• [Directions]:
Restate exactly, and only, the lines from the one with "this 500×333 image." through the end of the data, with both of those end lines kept. Drop any pictures.

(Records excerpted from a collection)
**********

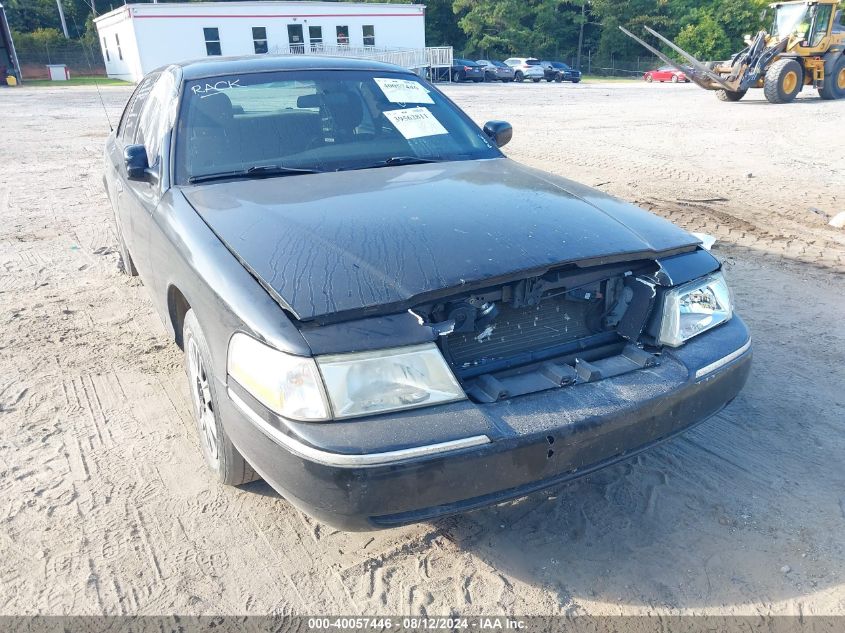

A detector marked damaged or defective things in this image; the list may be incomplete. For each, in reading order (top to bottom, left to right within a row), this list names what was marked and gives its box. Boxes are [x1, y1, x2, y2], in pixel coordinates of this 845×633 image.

damaged front end [300, 247, 724, 404]
damaged grille [442, 296, 592, 370]
exposed headlight assembly [656, 270, 728, 348]
exposed headlight assembly [226, 336, 462, 420]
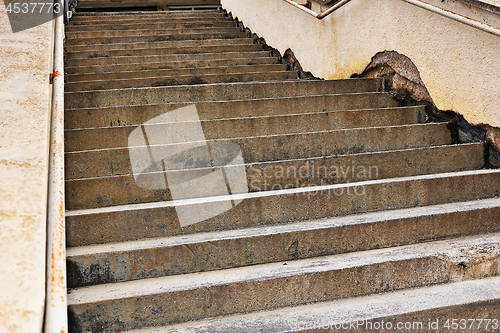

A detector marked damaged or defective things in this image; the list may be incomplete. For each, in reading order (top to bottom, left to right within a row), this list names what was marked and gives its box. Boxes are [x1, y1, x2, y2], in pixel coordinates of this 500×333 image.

damaged wall [223, 0, 500, 132]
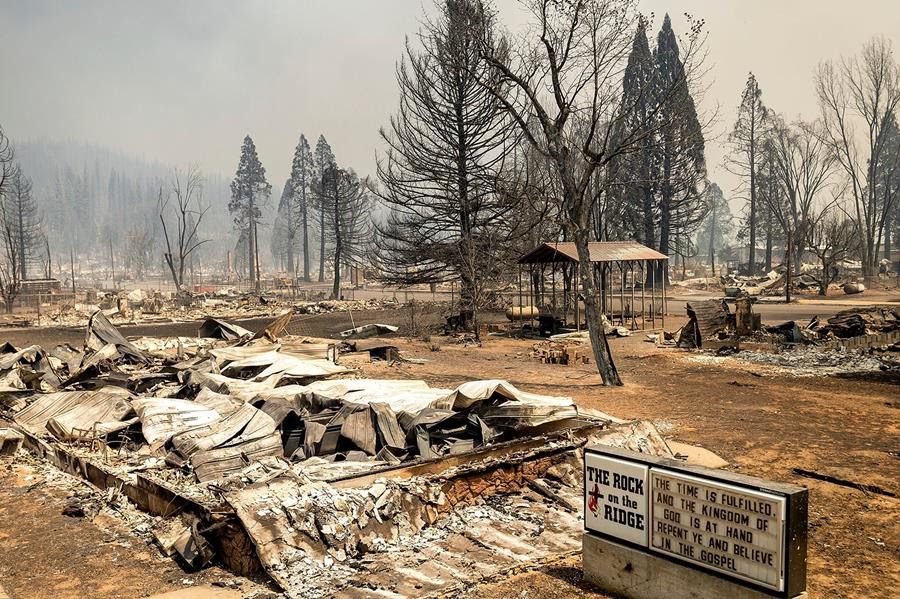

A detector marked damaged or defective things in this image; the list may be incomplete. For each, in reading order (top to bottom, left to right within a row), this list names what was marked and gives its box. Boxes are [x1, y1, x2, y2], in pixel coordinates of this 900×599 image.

burned rubble [0, 308, 668, 596]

**********

• [Finished exercise]:
A detector marked damaged or defective things in this image; the list may be incomplete. For each, in reading order (top to bottom, left to right within a row), this list names what was marked and gives its box. Boxes are [x1, y1, x2, y2], in pixel coordinates of this 500×333 image.

damaged wall [223, 0, 500, 132]

A detector marked damaged or defective things in this image; the list may be incomplete. For each, in reading order (top to bottom, left to right within a row), this list names what was marked and gives its box. Boxes are [x1, y1, x2, y2], in pixel coordinates of this 900×599 image.

burned rubble [0, 308, 668, 596]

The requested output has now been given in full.